Eine Kritik von (Bewertung des Films: 9 / 10)
eingetragen am 25.02.2008, seitdem 616 Mal gelesen



Mit dem fünften Teil der Tomie-Reihe hat Shun Nakahara einen überraschend guten, angenehm eigenwilligen und stilistisch souveränen Film vorgelegt. Seit dem spröden, merkwürdigen und doch faszinierenden ersten Werk der Serie boten die Tomie-Filme verschiedenen japanischen Regisseuren die Gelegenheit, entgegen konventionellen Erzählmustern ihre morbiden Visionen ins Bild zu setzen, wobei man meistens das geringe Budget zwar merkte, aber aufgrund der skurrilen Einfälle, die die Filmreihe prägen sollten, war dies mehr als zu verschmerzen.
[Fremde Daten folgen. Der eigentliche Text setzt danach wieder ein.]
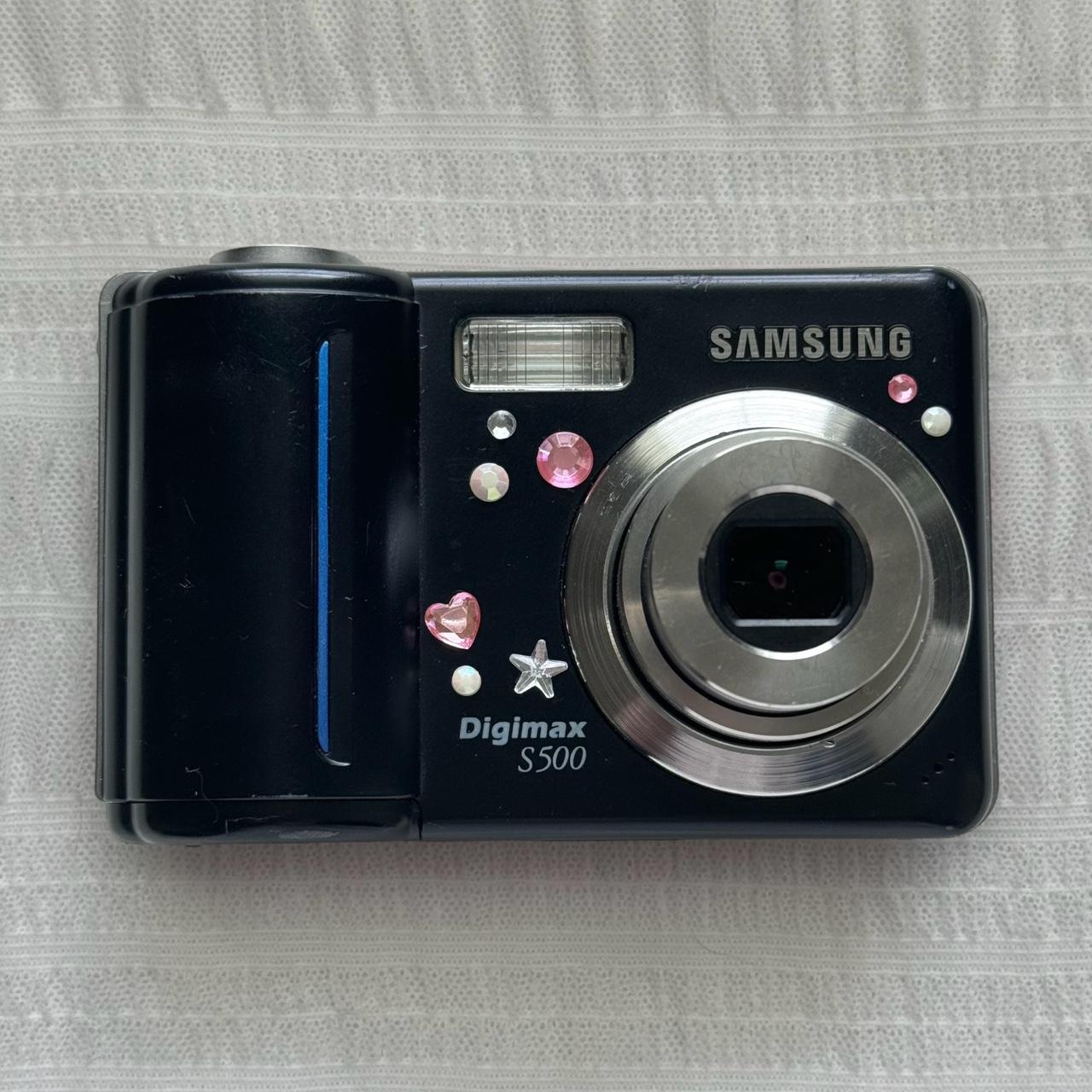 Samsung S500 Digital Camera 💗 Tested by our... - Depop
Während Takashi Shimizu als hierzulande bekanntester Regisseur eines Tomie-Teils mit seinem recht konventionellen "Rebirth" unerwarteterweise eher enttäuschte, hat Nakahara einen großen Wurf gelandet.

"Forbidden Fruit" ist vielleicht der stärkste Teil der Filmserie geworden, allenfalls der Erstling reicht noch an die visionären Bilder heran, in die Nakahara sein phantastisches Jugenddrama kleidet. Erzählt wird von einem Mädchen namens Tomie, das mit seinem Vater zusammenlebt, ständig Ärger mit einigen Schulkameradinnen hat und eines Tages auf ein Mädchen trifft, das ebenfalls Tomie heißt - und dabei handelt es sich um die Tomie, die aus den vorigen Filmen bekannt ist. Eine "ménage a trois" ergibt sich, die von (angedeuteter) sexueller Gewalt geladen ist und einen tragischen Ausgang verheißt.

Eine starke Farbdramaturgie, das Rot von Tomies Kleidung, das sich gegen die meist blau getönten Hintergründe abhebt, schafft eindrucksvolle Kontraste. Bildkompositionen wie die zwei Tomies auf dem Fahrrad, deren Silhouetten miteinander verschmelzen, heben die Unwirklichkeit des dämonischen Mädchens hervor. Die wunderbar eingefangenen Landschaften, in denen sich die Hauptfiguren näherkommen, sowie die Eisskulpturenfabrik, in der Tomies Vater arbeitet und die den Schauplatz für das Finale abgibt, sind sehr einprägsame Umgebungen für die dezent, aber wirkungsvoll spielenden Akteure. Die in der zweiten Hälfte des Films zu sehenden Spezialeffekte um die körperliche Regenerationsfähigkeit Tomies sind für das geringe Budget erstaunlich gelungen.

Wer grundsätzlich keine japanischen Filme mag, wird auch mit diesem Streifen nicht glücklich werden. An alle anderen jedoch meine wärmste Empfehlung.